- What the task asks: Only one stretch of the records below should be repeated. It starts with the line containing "Central District Hotel" and goes on through the line containing "2nd image of 108 Vista Del Mar APT C", exactly as written.

- Exercise data:
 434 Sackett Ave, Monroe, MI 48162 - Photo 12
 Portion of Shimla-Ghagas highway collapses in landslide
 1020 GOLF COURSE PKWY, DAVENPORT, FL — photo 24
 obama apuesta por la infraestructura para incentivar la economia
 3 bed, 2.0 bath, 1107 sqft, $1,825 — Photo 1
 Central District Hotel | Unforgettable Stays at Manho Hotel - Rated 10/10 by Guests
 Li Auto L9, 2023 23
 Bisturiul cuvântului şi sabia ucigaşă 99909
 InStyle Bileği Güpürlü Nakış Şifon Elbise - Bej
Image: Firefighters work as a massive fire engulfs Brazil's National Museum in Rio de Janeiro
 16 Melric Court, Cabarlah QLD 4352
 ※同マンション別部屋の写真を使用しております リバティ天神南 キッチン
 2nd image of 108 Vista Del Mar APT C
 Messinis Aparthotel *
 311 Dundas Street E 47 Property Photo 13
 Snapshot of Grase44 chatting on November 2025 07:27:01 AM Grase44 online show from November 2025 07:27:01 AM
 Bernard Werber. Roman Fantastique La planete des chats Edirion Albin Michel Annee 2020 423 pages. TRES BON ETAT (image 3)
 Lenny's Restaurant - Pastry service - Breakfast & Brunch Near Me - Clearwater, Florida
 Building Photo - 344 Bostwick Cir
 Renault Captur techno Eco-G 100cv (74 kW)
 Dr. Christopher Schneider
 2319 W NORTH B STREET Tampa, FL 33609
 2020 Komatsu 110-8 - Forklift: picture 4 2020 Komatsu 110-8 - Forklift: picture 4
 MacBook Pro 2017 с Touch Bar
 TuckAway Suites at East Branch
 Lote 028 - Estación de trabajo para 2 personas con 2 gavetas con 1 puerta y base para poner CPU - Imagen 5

- Reply to the exercise:
 Central District Hotel | Unforgettable Stays at Manho Hotel - Rated 10/10 by Guests
 Li Auto L9, 2023 23
 Bisturiul cuvântului şi sabia ucigaşă 99909
 InStyle Bileği Güpürlü Nakış Şifon Elbise - Bej
Image: Firefighters work as a massive fire engulfs Brazil's National Museum in Rio de Janeiro
 16 Melric Court, Cabarlah QLD 4352
 ※同マンション別部屋の写真を使用しております リバティ天神南 キッチン
 2nd image of 108 Vista Del Mar APT C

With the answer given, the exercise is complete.